In digital steganography, electronic communications may include steganographic coding inside of a transport layer, such as a document file, image file, program, or protocol. Media files are ideal for steganographic transmission because of their large size. For example, a sender might start with an innocuous image file and adjust the color of every hundredth pixel to correspond to a letter in the alphabet. The change is so subtle that someone who is not specifically looking for it is unlikely to notice the change.

The first recorded uses of steganography can be traced back to 440 BCE in Greece, when Herodotus mentions two examples in his Histories. Histiaeus sent a message to his vassal, Aristagoras, by shaving the head of his most trusted servant, ‘marking’ the message onto his scalp, then sending him on his way once his hair had regrown, with the instruction, ‘When thou art come to Miletus, bid Aristagoras shave thy head, and look thereon.’ Additionally, Demaratus sent a warning about a forthcoming attack to Greece by writing it directly on the wooden backing of a wax tablet before applying its beeswax surface. Wax tablets were in common use then as reusable writing surfaces, sometimes used for shorthand.

In his work Polygraphiae, German Benedictine abbot Johannes Trithemius developed his Ave Maria cipher that can hide information in a Latin praise of God.

Numerous techniques throughout history have been developed to embed a message within another medium. Placing the message in a physical item has been widely used for centuries. Some notable examples include invisible ink on paper, writing a message in Morse code on yarn worn by a courier, microdots, or using a music cipher to hide messages as musical notes in sheet music.

In communities with social or government taboos or censorship, people use cultural steganography—hiding messages in idiom, pop culture references, and other messages they share publicly and assume are monitored. This relies on social context to make the underlying messages visible only to certain readers. Examples include: hiding a message in the title and context of a shared video or image; misspelling names or words that are popular in the media in a given week, to suggest an alternative meaning; and hiding a picture that can be traced by using basic drawing tools.

Since the dawn of computers, techniques have been developed to embed messages in digital cover mediums.
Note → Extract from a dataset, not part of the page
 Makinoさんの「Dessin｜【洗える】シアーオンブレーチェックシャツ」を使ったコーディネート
The message to conceal is often encrypted, then used to overwrite part of a much larger block of encrypted data or a block of random data (an unbreakable cipher like the one-time pad generates ciphertexts that look perfectly random without the private key).
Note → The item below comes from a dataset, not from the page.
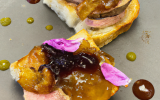 Tartine de foie gras, pétales de magret et farandole de compotées et Chutneys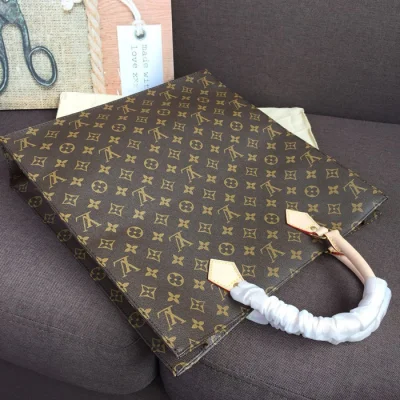 Сумка Louis Vuitton Sac Plat Tote Bag M51140 Monogram Canvas "Brown" фото № 5 Сумка Louis Vuitton Sac Plat Tote Bag M51140 Monogram Canvas "Brown" фото № 5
Since the early 2000s, steganography research has evolved from focusing primarily on image-based techniques to addressing the challenges of hiding data in streaming media, particularly Voice over Internet Protocol (VoIP). This shift began with Giannoula’s frame-by-frame video data hiding in 2003, followed by Dittmann’s multimedia steganography work in 2005. Significant breakthroughs came from Huang and Tang, who pioneered Graph theory with Quantization Index Modulation for low bit-rate streaming media in 2008 and later developed real-time VoIP steganography algorithms (2011-2012).

Recent advancements include Cheddad & Cheddad’s 2024 framework combining steganography with machine learning for audio signal reconstruction, and the development of adaptive steganography techniques that tailor the embedding process to specific features of the cover medium, such as facial recognition for enhanced information hiding in images and videos.

Digital steganography output may be in the form of printed documents. A message, the plaintext, may be first encrypted by traditional means, producing a ciphertext. Then, an innocuous cover text is modified in some way so as to contain the ciphertext, resulting in the stegotext. For example, the letter size, spacing, typeface, or other characteristics of a cover text can be manipulated to carry the hidden message. Only a recipient who knows the technique used can recover the message and then decrypt it. Francis Bacon developed Bacon’s cipher as such a technique.

The ciphertext produced by most digital steganography methods, however, is not printable. Traditional digital methods rely on perturbing noise in the channel file to hide the message, and as such, the channel file must be transmitted to the recipient with no additional noise from the transmission. Printing introduces much noise in the ciphertext, generally rendering the message unrecoverable. There are techniques that address this limitation, one notable example being ASCII Art Steganography.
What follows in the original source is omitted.